> While using AI tools for everyday tasks like finding directions is “low-risk,” human translators will likely need to be involved for the foreseeable future in diplomatic, legal, financial and medical contexts where the risks are “humungous,” according to Benzo
Now it's a classic, you need an expert in order to check the work of the machine, because the "customer" is by definition not able to do it.
Aside from highly technical domain, in purely literary works, I think that the translator is a co-author - maybe IP laws acknowledges that already? I remember the translation of E.A. Poe by C. Baudelaire for instance; I think you could feel Baudelaire's style because it is a lot "warmer" than Poe's. I've also read a translation of a Japanese novel and I was quite disappointed with it. I don't know Japanese but I have read/watched quite a few mangas/animes, so I could sense the speech patterns behind the translations and sometimes thought they could have made better choices.
In any case, one will still need a translator who is good at "prompt engineering" to get a quality translation. I don't know. Maybe translators can add this skill to their CV, so they can propose quick-and-dirty/cheap translations, or no-AI high quality translations.
Some suggest "no-AI" labels on cultural products already - I think if it becomes a reality it will probably act as "quality signaling", because it is becoming more difficult every year to tell the difference between AI and human productions. It won't matter if what you read was written by an AI or a human (if it quacks and looks like a duck...), but what the customer will probably want is to avoid poorly-prompted machine translation.

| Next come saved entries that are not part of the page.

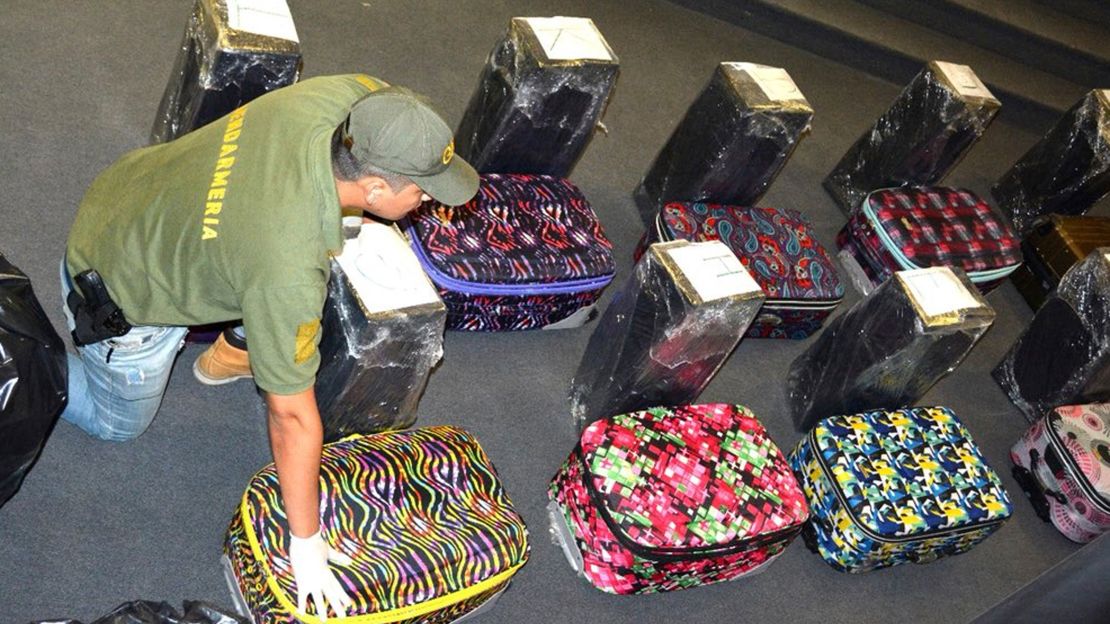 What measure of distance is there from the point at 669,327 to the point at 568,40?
1.02 meters

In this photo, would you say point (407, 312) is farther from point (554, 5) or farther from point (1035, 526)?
point (554, 5)

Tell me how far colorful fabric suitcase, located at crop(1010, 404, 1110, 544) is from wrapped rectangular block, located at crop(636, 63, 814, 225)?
4.20 feet

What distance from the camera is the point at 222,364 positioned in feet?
9.48

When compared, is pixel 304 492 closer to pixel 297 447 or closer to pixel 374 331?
pixel 297 447

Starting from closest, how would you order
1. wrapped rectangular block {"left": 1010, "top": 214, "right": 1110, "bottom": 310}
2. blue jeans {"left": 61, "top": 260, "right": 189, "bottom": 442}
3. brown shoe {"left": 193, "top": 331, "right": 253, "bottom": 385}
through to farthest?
blue jeans {"left": 61, "top": 260, "right": 189, "bottom": 442} < brown shoe {"left": 193, "top": 331, "right": 253, "bottom": 385} < wrapped rectangular block {"left": 1010, "top": 214, "right": 1110, "bottom": 310}

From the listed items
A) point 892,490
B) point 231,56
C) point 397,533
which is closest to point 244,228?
point 397,533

> it will probably act as "quality signaling", because it is becoming more difficult every year to tell the difference
Note that this only applies to something like a translation where there's some notion of a "correct answer". For other cultural products it's irrelevant (as you say, if it quacks like a duck ...).
Quality signaling is really only necessary in situations where an upfront investment is required and any deception is only revealed sometime later upon use. Safety critical systems such as airbags are a model example of this - a counterfeit of deficient functionality won't be discovered until it deploys, which in most cases will never happen.
That said, while I certainly can't speak to business or diplomatic translations, when it comes to cultural works (ie entertainment) the appeal of machine translation to me has been gradually increasing over time as it gets better. I don't generally find localization desirable and in some cases it even leads to significant confusion when a change somehow munges important details or references. Confusion which I'm generally able to trivially resolve by referencing machine output.